* YOUR TASK *
Nothing but the lines below from the one holding "スーパートラウト アドバンス ビッグトラウト［ナイロン］" up to and including the one holding "a0242438_1873177.jpg" should be copied, exactly and without pictures.

* SUPPLIED MATERIAL *
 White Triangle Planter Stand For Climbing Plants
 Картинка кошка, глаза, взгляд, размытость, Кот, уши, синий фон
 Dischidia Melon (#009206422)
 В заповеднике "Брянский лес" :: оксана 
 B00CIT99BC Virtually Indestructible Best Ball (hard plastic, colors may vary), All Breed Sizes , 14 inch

--

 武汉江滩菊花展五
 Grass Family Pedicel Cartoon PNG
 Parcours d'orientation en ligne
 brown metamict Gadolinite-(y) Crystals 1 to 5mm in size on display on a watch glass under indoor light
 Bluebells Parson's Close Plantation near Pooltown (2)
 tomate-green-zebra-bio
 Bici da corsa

==

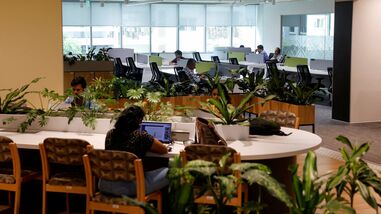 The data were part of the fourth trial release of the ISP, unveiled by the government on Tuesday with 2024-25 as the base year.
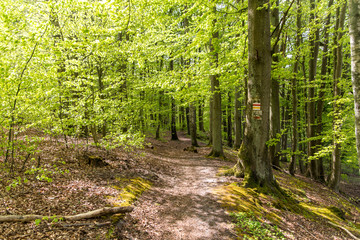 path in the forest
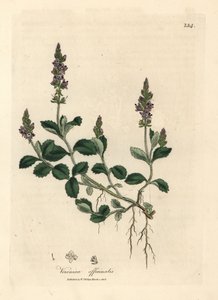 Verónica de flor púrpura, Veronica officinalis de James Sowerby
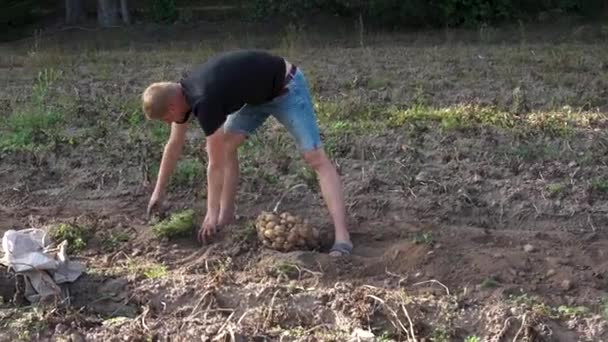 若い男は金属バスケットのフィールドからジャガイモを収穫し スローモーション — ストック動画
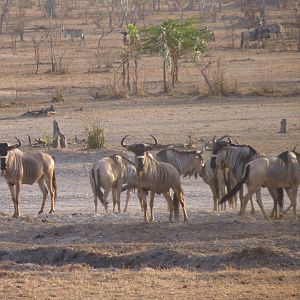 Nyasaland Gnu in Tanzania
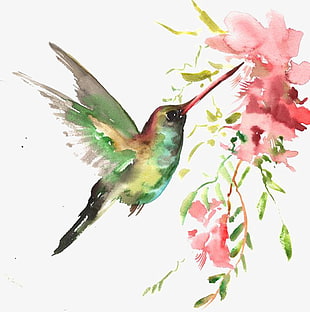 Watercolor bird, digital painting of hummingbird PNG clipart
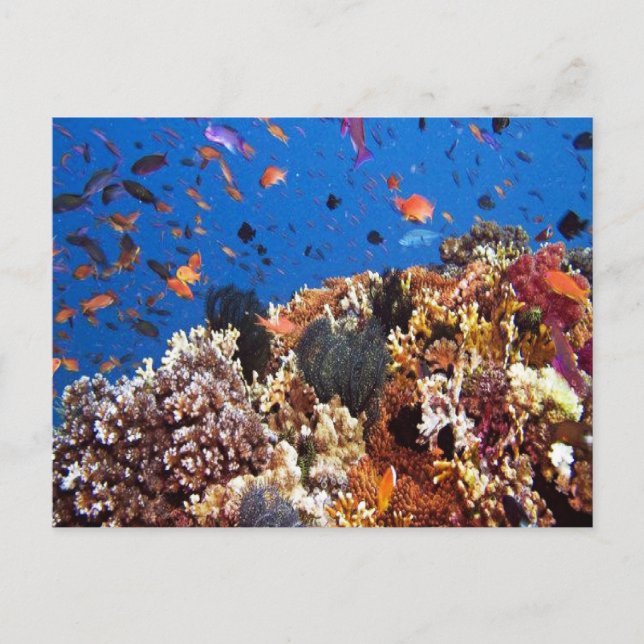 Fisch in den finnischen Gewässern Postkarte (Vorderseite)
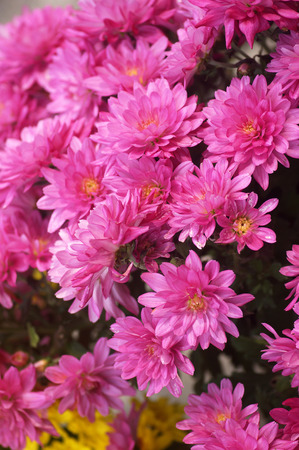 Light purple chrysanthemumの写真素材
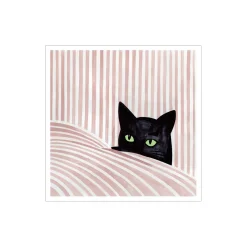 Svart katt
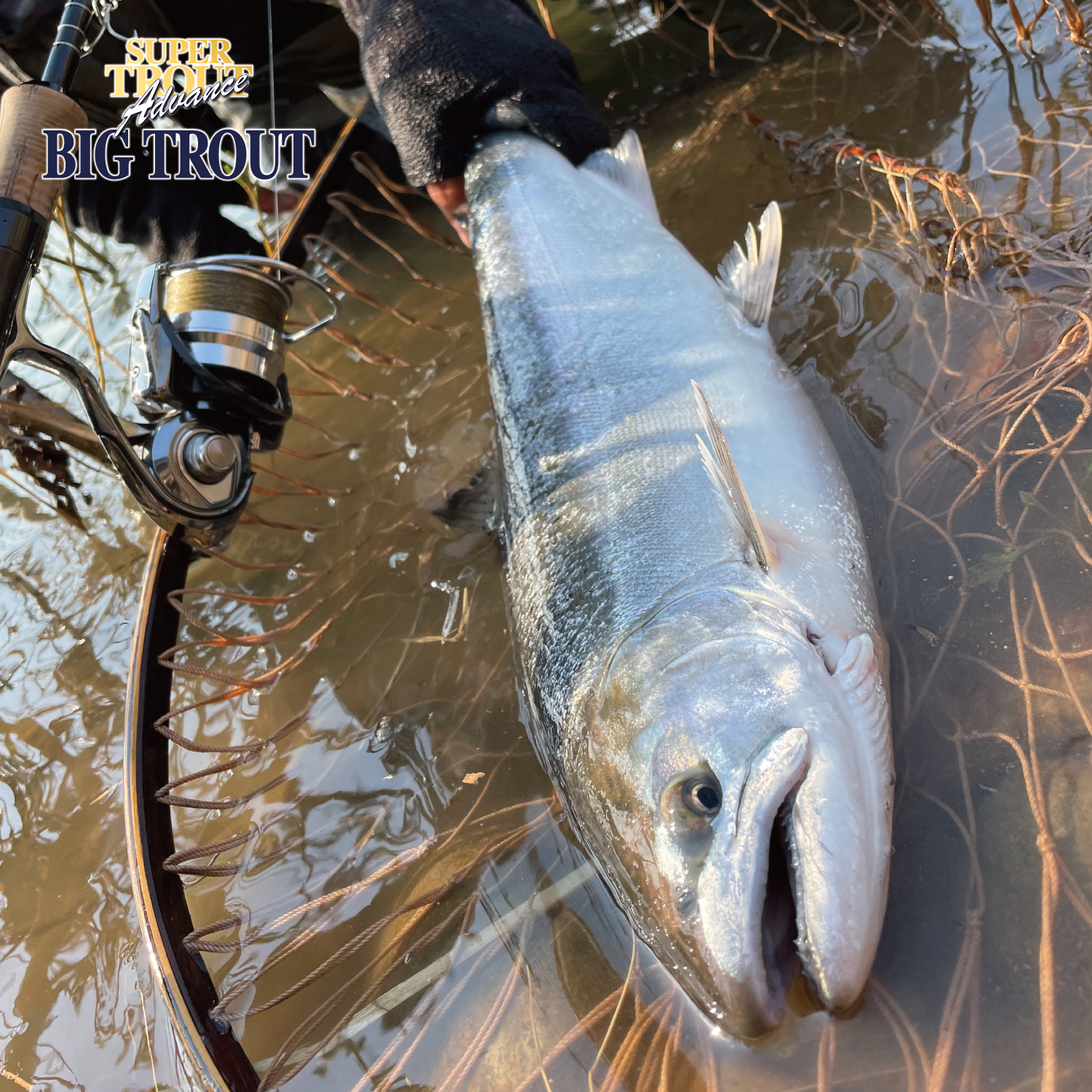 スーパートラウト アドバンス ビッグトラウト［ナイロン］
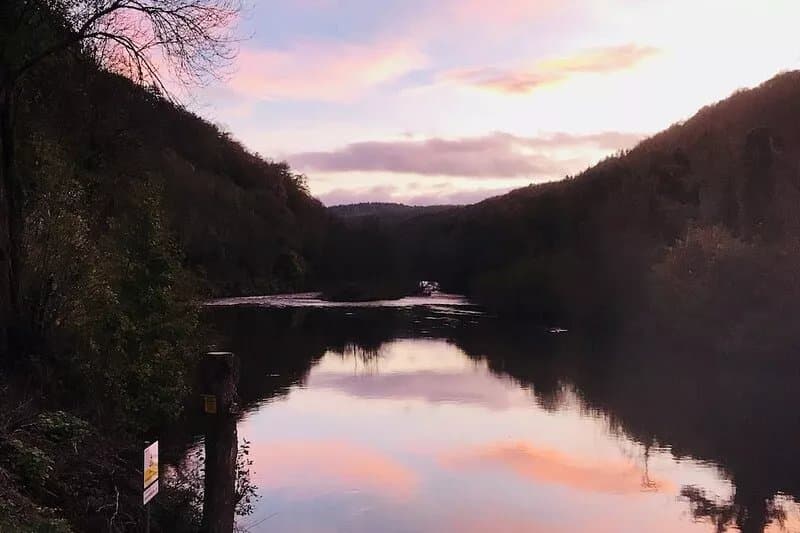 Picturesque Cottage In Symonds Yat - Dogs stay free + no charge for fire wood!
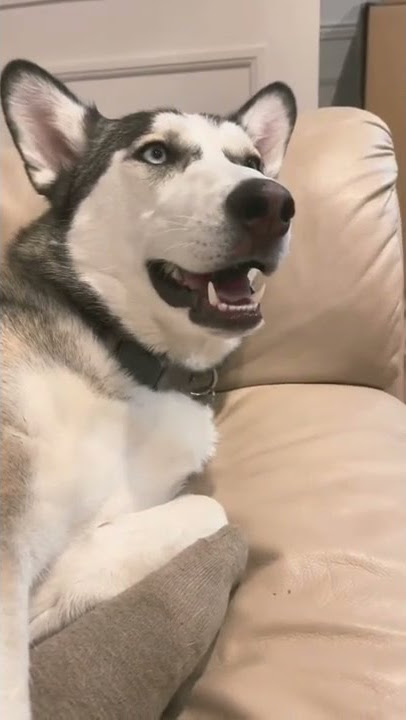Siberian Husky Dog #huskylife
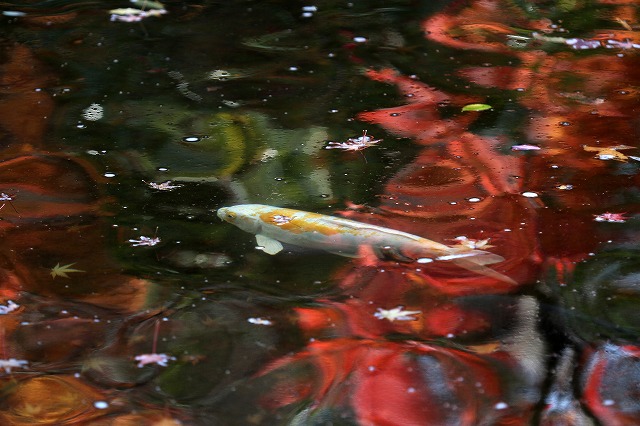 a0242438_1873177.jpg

* WRITTEN RESPONSE *
 スーパートラウト アドバンス ビッグトラウト［ナイロン］
 Picturesque Cottage In Symonds Yat - Dogs stay free + no charge for fire wood!
Siberian Husky Dog #huskylife
 a0242438_1873177.jpg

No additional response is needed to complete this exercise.